I feel sure these words aren’t originally mine, but they also are difficult to cite.
Contentment is full of irony. I have always been somewhat impressed by Paul’s words in Philippians 4:10-15, “I rejoiced greatly in the Lord that at last you renewed your concern for me. Indeed, you were concerned, but you had no opportunity to show it. I am not saying this because I am in need, for I have learned to be content whatever the circumstances. I know what it is to be in need, and I know what it is to have plenty. I have learned the secret of being content in any and every situation, whether well fed or hungry, whether living in plenty or in want. I can do all this through him who gives me strength. Yet it was good of you to share in my troubles. Moreover, as you Philippians know, in the early days of your acquaintance with the gospel, when I set out from Macedonia, not one church shared with me in the matter of giving and receiving, except you only;” (NIV).

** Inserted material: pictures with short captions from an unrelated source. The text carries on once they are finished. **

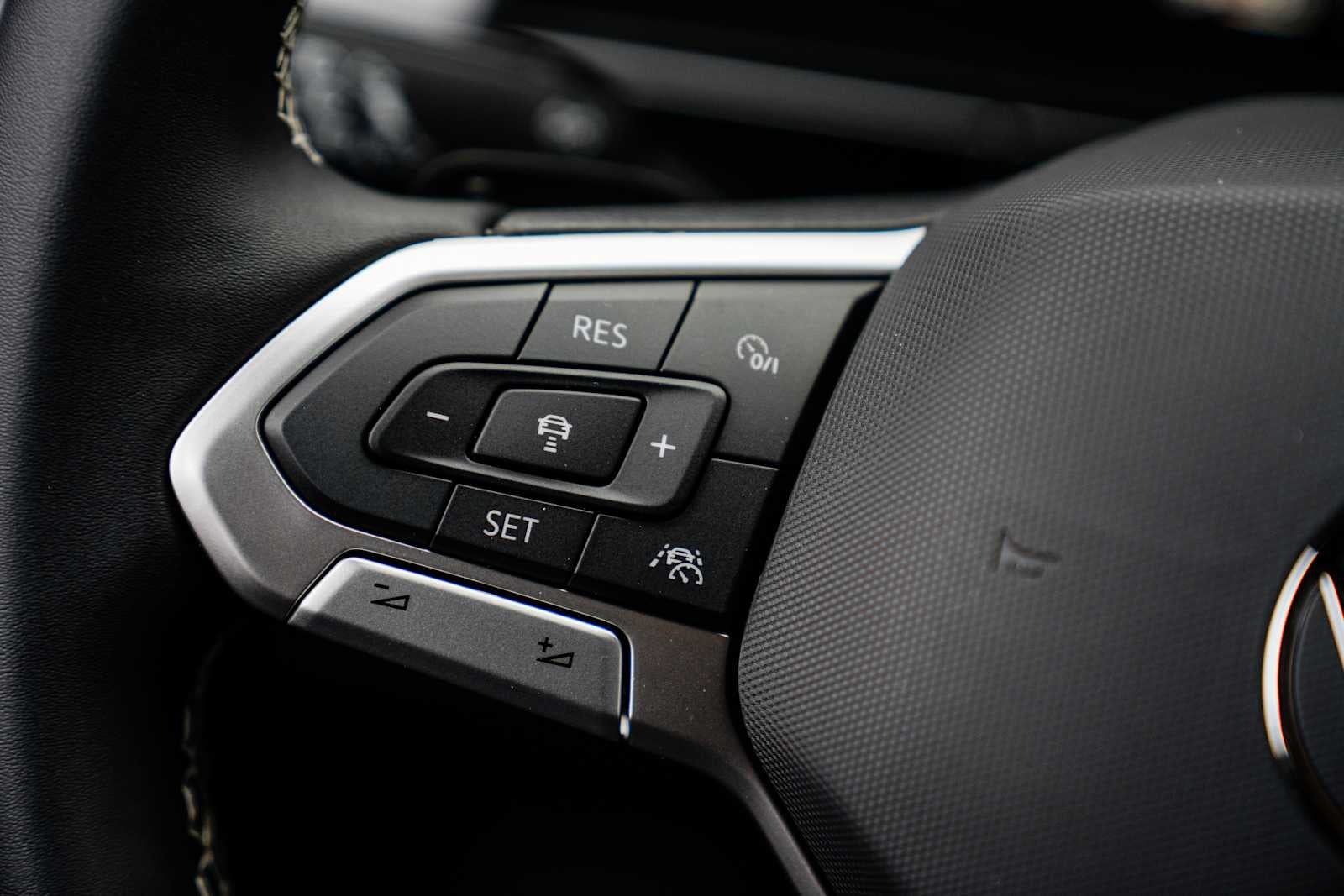 2026 Volkswagen Atlas Cross Sport 2.0T SE w/Tech 4MOTION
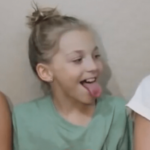 Figurinhas menina da garrafa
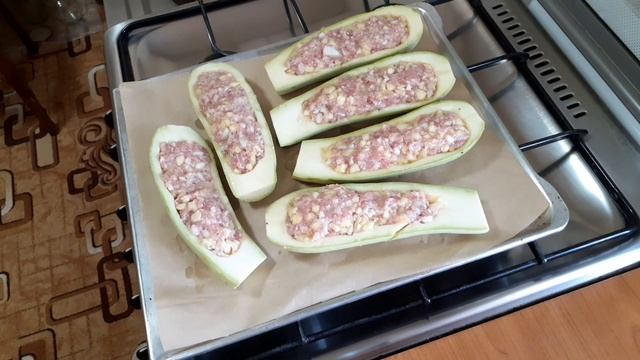 Лодочки из кабачков с фаршем . Вторая серия . смотреть онлайн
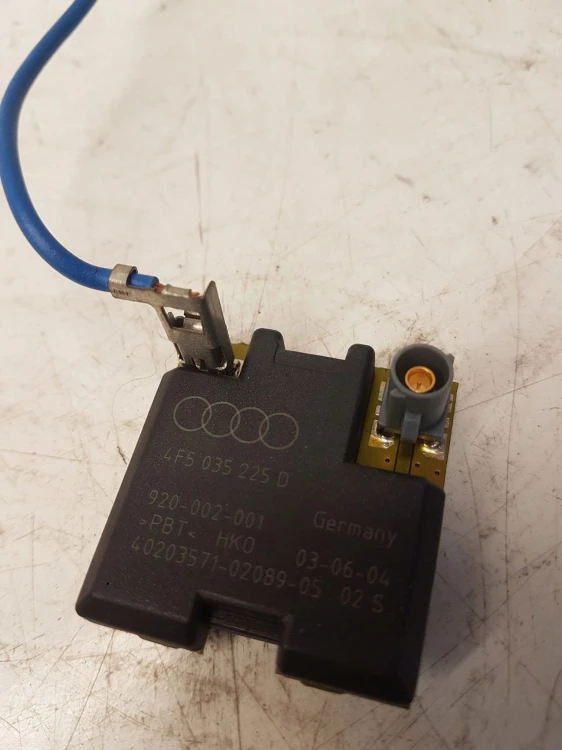 WZMACNIACZ ANTENOWY AUDI A3 A4 A6 4F5035225D
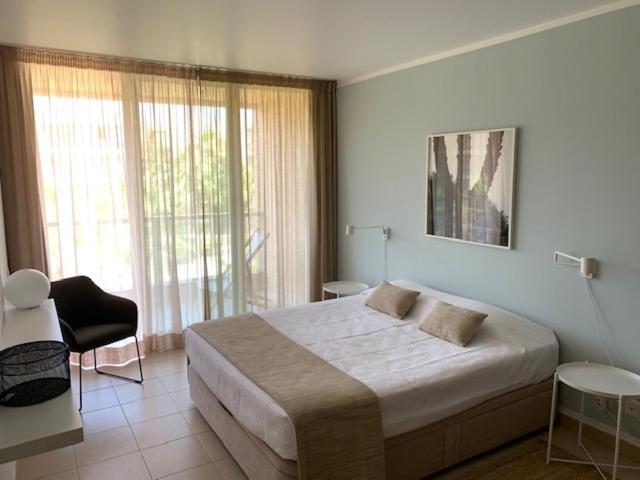 Ambassador Salgados Beach Suites Албуфейра Екстериор снимка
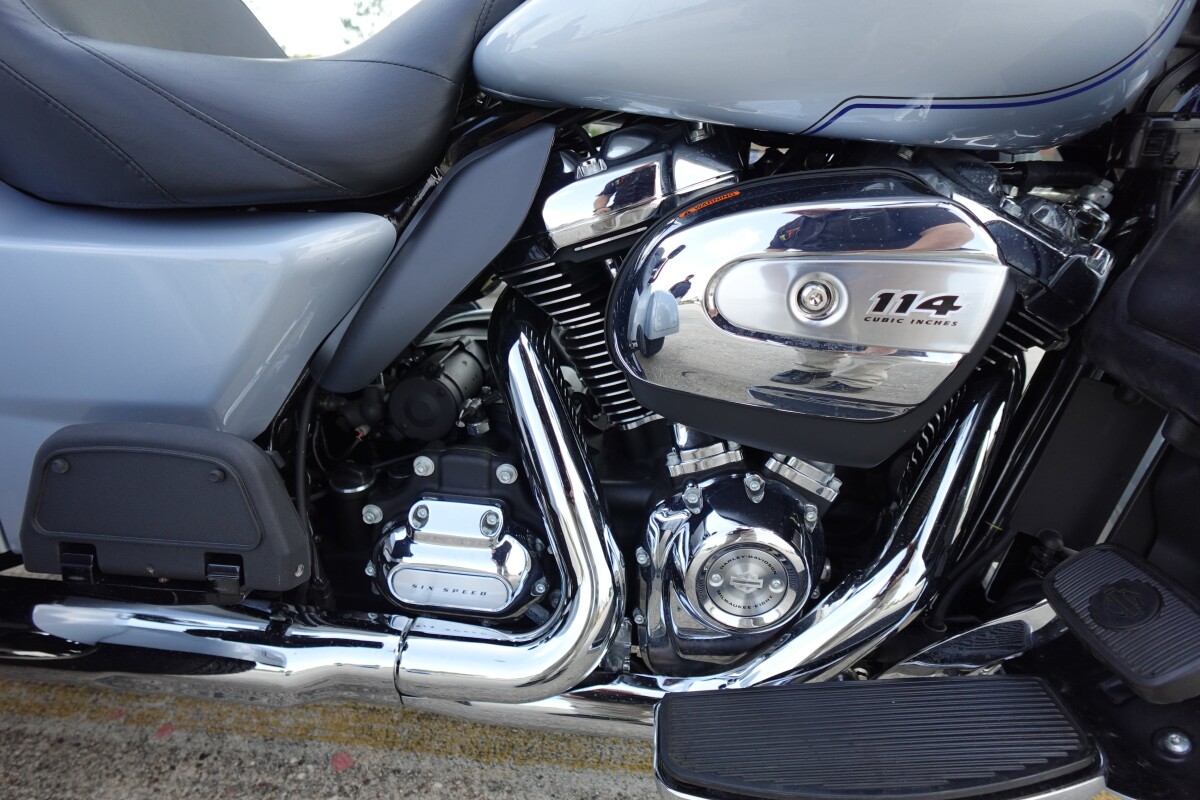 2023 Harley-Davidson Tri Glide Ultra FLHTCUTG - Photo 10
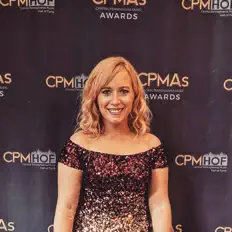 Corina Roseを聴いたり、ミュージックビデオを鑑賞したり、経歴やツアー日程などを確認したりしましょう！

I think this ranks right up there as one of those most often misinterpreted passages, because we equate contentment with uninhibited elation oozing from our pores or something. That’s not contentment. That’s actually probably closer to insanity. It’s certainly not based in reality. People have those kinds of experiences maybe a handful of times in their entire lives, if they’re lucky. If you stop to think about the adrenaline rush and the subsequent crash, you’ll likely agree that it wouldn’t be advisable or enjoyable to live in a perpetual state of bliss. Too much of (even) a good thing is still too much…
I don’t think Paul is implying that he has learned to be outlandishly jovial or to lose touch with reality, nor do I think he is indicating that he has found a way to get everything he wants or even everything he needs. There is nothing in Paul’s words that makes me wonder if his ‘doing all things through Christ’ includes calling on the clouds to rain down elephants or magically growing strawberries on fig trees. And yet this passage is often taught as either a ‘suck it up even when it sucks’ lesson or a challenge of the power constraints of the God of the universe. I’m fairly certain both extremes neglect the point.

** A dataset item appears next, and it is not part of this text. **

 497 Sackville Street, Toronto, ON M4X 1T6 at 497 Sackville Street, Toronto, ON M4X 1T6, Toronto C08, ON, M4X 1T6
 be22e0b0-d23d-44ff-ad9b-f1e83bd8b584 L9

We almost always stop reading with verse 13. Verse 15 is actually a significantly weird cutting off point in the daily office, ending with a semi-colon. But I wonder if there is something to be learned from the words Paul speaks next… the words of standing in solidarity… the words of presence—of sharing trouble, of giving and receiving…
It might seem strangely disconnected, but I think these are also words of community, and all of this returns, full circle, to prayer… of God’s presence… of another kind of give and take…
Maybe that’s exactly why Psalm 17:6 makes an appearance, today, as well:
“I call on you, my God, for you will answer me; turn your ear to me and hear my prayer” (NIV).
The answer may not be exactly what we expect (or even hope for), but the hearing… the listening… the holding close… this is where contentment begins. And we can’t move forward without a beginning.